THE RECORDS →
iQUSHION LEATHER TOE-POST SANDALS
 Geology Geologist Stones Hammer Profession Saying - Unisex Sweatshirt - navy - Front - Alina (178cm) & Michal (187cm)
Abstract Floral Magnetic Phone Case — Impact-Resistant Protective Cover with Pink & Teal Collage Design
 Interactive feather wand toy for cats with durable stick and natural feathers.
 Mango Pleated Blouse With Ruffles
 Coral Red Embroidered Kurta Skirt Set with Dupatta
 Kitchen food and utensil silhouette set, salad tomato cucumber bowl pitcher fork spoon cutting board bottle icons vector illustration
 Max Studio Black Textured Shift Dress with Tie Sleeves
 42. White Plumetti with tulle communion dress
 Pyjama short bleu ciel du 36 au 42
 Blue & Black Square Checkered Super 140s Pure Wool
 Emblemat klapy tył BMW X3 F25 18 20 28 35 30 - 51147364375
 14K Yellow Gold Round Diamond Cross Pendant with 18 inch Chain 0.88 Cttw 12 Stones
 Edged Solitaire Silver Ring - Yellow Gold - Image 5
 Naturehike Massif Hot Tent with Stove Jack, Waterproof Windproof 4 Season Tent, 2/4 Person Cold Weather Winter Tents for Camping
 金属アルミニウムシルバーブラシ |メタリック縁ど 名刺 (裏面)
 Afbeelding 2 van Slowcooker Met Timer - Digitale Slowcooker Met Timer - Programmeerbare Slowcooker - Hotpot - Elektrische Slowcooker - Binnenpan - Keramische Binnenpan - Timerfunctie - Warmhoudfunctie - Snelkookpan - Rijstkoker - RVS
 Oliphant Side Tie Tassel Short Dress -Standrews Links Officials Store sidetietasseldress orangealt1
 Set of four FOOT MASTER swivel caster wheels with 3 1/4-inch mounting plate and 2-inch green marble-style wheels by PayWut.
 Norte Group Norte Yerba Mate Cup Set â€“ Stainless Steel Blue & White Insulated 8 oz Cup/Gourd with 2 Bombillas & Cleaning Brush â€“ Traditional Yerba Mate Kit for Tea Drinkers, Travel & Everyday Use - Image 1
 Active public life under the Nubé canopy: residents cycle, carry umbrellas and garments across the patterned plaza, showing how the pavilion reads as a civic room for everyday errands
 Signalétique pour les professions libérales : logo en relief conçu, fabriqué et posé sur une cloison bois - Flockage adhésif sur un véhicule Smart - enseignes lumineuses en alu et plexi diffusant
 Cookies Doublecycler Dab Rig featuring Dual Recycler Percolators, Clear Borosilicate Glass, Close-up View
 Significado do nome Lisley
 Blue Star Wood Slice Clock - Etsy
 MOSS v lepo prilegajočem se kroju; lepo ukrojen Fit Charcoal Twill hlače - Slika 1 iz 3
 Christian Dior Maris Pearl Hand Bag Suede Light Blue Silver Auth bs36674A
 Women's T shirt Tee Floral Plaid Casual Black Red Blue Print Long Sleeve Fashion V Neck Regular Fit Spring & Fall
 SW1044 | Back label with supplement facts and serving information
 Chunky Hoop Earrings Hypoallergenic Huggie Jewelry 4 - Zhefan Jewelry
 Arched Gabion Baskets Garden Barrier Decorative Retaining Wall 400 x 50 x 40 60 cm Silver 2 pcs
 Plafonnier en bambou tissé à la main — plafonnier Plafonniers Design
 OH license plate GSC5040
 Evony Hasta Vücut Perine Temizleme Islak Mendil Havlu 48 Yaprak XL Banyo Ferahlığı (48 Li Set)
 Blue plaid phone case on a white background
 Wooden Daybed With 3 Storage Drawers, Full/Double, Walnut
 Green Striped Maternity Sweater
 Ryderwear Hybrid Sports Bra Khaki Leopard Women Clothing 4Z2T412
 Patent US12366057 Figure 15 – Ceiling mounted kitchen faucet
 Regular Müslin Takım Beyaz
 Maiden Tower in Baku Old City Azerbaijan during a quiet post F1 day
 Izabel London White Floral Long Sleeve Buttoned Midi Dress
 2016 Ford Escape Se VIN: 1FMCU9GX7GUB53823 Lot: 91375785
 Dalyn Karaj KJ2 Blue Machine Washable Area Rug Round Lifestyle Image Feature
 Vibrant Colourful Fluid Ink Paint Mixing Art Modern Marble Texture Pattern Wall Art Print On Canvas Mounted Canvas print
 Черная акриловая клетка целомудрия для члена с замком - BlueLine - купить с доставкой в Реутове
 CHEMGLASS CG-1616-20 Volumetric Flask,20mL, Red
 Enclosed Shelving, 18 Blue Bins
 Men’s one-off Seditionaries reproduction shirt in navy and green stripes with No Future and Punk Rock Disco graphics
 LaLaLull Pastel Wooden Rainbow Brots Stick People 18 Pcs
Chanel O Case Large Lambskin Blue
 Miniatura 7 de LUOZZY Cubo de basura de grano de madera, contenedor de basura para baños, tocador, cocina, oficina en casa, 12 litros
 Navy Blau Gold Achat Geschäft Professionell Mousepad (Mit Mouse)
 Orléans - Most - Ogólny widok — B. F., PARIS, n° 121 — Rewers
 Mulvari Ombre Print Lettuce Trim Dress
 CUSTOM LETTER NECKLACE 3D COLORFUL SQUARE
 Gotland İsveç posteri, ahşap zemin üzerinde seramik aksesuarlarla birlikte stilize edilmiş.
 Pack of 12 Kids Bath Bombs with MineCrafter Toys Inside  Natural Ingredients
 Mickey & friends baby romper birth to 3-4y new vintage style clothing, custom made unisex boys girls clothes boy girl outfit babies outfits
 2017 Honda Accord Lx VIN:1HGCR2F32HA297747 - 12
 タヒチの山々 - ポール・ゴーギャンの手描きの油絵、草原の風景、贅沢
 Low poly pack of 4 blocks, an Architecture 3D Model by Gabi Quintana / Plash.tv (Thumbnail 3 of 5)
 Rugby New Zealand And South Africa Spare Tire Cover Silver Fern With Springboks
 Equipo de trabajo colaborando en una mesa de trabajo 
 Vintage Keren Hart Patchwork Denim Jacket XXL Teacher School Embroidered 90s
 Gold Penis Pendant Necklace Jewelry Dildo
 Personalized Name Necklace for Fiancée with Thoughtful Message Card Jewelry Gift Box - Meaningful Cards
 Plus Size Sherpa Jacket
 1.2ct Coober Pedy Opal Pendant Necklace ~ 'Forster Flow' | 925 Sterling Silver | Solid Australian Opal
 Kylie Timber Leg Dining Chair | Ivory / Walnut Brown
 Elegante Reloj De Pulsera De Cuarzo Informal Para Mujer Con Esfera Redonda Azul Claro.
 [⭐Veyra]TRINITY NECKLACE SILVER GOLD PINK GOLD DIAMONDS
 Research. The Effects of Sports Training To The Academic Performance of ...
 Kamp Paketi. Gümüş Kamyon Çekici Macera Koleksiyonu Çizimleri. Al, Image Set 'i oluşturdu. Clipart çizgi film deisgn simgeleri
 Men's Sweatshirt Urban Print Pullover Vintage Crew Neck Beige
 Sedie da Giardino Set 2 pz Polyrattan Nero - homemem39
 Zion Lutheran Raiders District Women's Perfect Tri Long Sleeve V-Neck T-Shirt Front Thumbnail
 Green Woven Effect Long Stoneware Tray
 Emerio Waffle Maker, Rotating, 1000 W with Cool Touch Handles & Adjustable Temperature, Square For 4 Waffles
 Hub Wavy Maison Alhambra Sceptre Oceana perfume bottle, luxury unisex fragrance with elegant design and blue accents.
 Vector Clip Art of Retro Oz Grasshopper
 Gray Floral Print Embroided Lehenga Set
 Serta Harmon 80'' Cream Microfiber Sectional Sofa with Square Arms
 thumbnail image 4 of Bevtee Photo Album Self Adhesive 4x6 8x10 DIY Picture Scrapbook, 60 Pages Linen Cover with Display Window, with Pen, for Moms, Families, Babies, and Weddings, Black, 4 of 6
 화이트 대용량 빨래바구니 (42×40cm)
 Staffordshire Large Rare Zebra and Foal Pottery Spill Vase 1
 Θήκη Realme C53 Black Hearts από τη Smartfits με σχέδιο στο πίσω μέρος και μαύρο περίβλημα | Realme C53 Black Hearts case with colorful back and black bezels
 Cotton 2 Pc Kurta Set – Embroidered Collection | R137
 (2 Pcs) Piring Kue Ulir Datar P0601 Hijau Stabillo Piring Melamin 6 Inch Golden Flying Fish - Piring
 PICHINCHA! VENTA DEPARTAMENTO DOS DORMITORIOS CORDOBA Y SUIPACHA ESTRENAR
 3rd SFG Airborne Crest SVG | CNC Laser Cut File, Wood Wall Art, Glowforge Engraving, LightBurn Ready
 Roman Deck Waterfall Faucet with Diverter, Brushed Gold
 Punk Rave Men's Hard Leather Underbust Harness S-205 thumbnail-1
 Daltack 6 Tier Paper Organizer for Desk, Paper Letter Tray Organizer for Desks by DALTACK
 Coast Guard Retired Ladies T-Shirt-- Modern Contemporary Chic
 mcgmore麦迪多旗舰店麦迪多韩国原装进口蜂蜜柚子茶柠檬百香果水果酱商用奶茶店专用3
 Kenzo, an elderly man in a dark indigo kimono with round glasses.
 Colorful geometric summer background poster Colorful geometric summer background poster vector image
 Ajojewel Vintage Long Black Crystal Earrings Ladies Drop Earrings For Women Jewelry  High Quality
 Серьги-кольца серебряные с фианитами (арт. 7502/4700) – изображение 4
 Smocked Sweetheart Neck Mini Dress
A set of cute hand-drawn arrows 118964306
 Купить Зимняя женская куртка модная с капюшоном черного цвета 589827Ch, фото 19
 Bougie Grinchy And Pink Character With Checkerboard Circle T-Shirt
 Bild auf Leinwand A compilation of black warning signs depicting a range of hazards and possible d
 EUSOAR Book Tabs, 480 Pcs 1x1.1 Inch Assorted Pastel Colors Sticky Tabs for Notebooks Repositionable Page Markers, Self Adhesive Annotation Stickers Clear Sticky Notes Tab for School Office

WHAT IS BEING ASKED → Report how many lines of the listing above include the word "Long". Say nothing but the number.

RESULT FOR THIS EXERCISE → 5